Starflight 2: Trade Routes of The Cloud Nebula - Reception

Reception

Gameplay reviews were mixed. Computer Gaming World's editors commended the game's designers for creating "a universe with so many cultures, personalities, options and plot twists that it is easy for players to suspend their disbelief." Amiga Action stated that "the blend of RPG style gameplay and space trading is unparalleled and should appeal to most." Reviewer Matt Regan wrote in CU Amiga that "the game is let down by its fundamental lack of excitement; there's no sense of urgency or even a feeling of frontier exploration. The party just plods on, trading, communicating, and gathering information and this gets tiresome as soon as the novelty of the system wears off." Dragon reviewers Hartley, Patricia, and Kirk Lesser gave the game 3 out of 5 stars.

The game's graphics and sound also received a mixed reception.

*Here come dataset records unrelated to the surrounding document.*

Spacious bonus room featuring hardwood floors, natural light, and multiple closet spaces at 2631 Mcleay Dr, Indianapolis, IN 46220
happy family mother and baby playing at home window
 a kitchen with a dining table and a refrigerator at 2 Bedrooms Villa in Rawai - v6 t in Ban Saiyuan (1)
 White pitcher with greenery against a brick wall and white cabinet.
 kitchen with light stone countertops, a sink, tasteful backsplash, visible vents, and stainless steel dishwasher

Chris Lombardi wrote in Computer Gaming World that "the game's graphics are very strong, and in many ways improved over the original game." .Info praised the "exceptionally good" music and sound in the game's Amiga version. Amiga Action wrote that the "graphics and sound remain fairly prehistoric" and CU Amiga's reviewer stated that the "run-of-the-mill visual effects and music" must be "accessed from the disk every time certain actions are performed" (resulting in sluggish performance).

Handling of copy-protection and saved games received some criticism. .Info's reviewer criticized "a setup process that takes far too long" and a "starchart-lookup copy protection scheme that is poorly done." Only one save game position is provided and that becomes unusable if the game ends with the spaceship's entire crew being killed. Players have to maintain backups of their game files on a separate disk or in another file directory to be able to continue in the game should such a scenario unfold. Computer Gaming World wrote that this design decision was deliberately made "to create more realistic play and avoid what some call 'unethical gaming' (saving after every advancement and rebooting after every error). Despite the supporting ideology, it is actually a pain." In November 1996, the magazine ranked Starflight 2 in sixth place in a list of the "least rewarding endings of all time" for this reason.

Computer Gaming World awarded Starflight 2 their role-playing game of the year award in September 1990. The magazine's editors wrote that it "offers ample reward for exploration, utilizing curiosity, managing resources and carefully handling trade and negotiation. It expands the notion of role-playing beyond the traditional limits of computer games."